§ **Dataset items**:

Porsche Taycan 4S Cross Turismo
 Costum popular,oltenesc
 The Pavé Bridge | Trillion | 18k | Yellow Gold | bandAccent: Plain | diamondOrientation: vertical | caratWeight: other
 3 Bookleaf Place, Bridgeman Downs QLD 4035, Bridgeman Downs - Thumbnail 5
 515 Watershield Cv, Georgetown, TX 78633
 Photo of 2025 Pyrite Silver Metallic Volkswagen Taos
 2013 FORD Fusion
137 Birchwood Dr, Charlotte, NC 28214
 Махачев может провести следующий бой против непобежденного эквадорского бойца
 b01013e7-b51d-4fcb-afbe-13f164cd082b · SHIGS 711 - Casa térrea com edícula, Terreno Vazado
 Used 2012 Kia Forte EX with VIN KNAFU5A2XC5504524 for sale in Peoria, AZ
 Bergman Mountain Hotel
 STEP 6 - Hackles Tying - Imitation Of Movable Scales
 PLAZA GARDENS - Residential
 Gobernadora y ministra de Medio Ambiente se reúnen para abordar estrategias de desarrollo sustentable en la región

§ **Work to be completed**:
Would you repeat, exactly and with nothing added, every line from the line containing "Махачев может провести" through the last line of the records above?

§ **The answer**:
 Махачев может провести следующий бой против непобежденного эквадорского бойца
 b01013e7-b51d-4fcb-afbe-13f164cd082b · SHIGS 711 - Casa térrea com edícula, Terreno Vazado
 Used 2012 Kia Forte EX with VIN KNAFU5A2XC5504524 for sale in Peoria, AZ
 Bergman Mountain Hotel
 STEP 6 - Hackles Tying - Imitation Of Movable Scales
 PLAZA GARDENS - Residential
 Gobernadora y ministra de Medio Ambiente se reúnen para abordar estrategias de desarrollo sustentable en la región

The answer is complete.